[DATA BELOW]
========================================

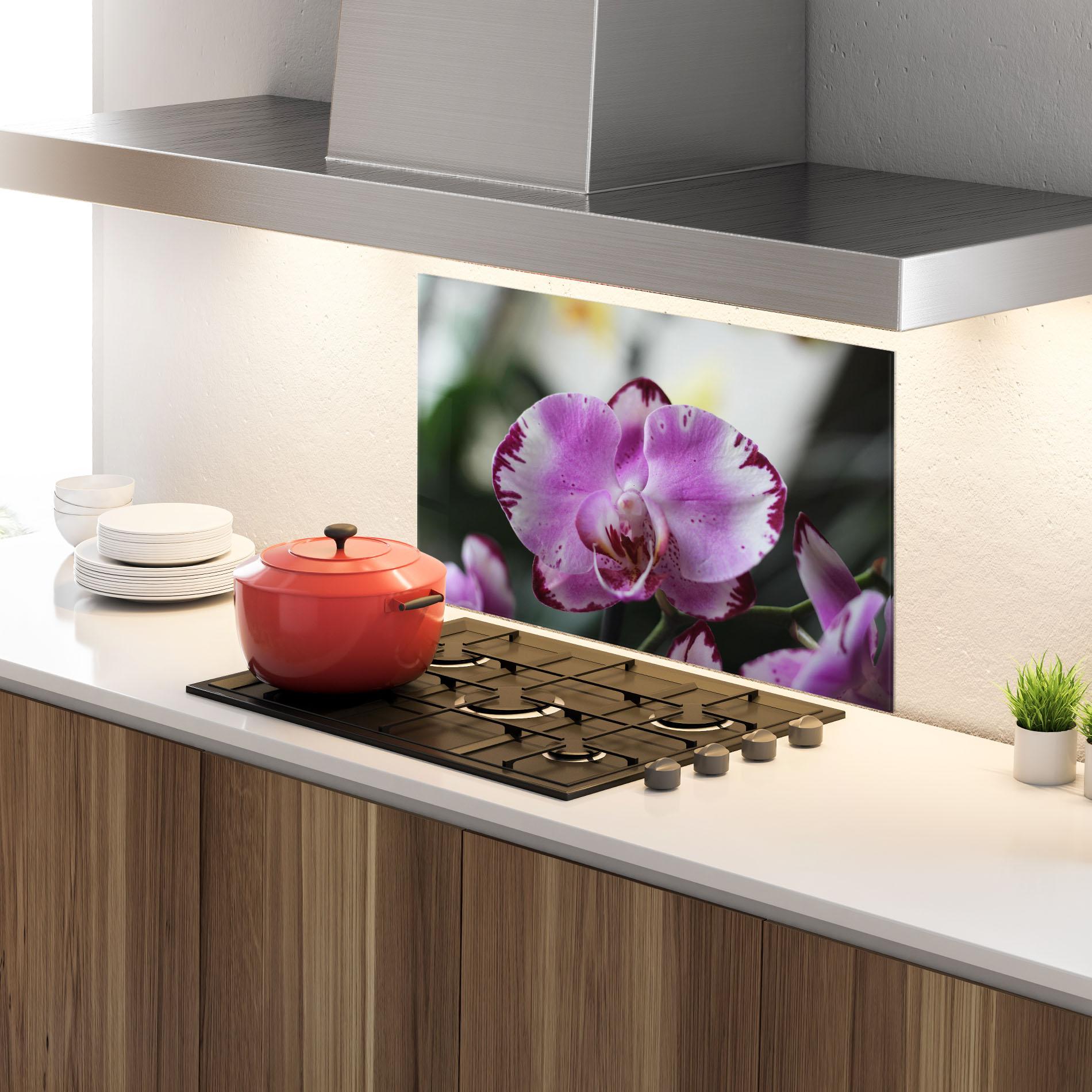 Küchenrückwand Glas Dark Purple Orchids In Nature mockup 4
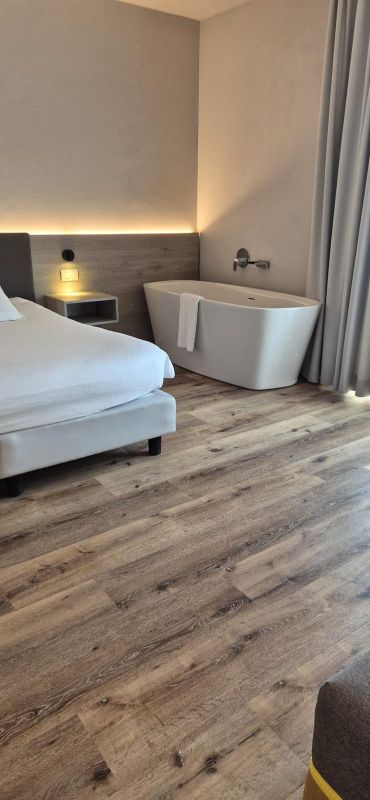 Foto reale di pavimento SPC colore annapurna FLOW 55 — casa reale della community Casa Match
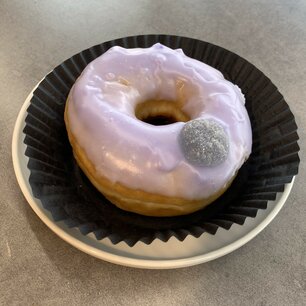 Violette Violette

========================================

Return, exactly and without extra lines, everything from the line with "Foto reale di" through the last line of the material above, both included. Pictures must be dropped.

[ANSWER]
 Foto reale di pavimento SPC colore annapurna FLOW 55 — casa reale della community Casa Match
 Violette Violette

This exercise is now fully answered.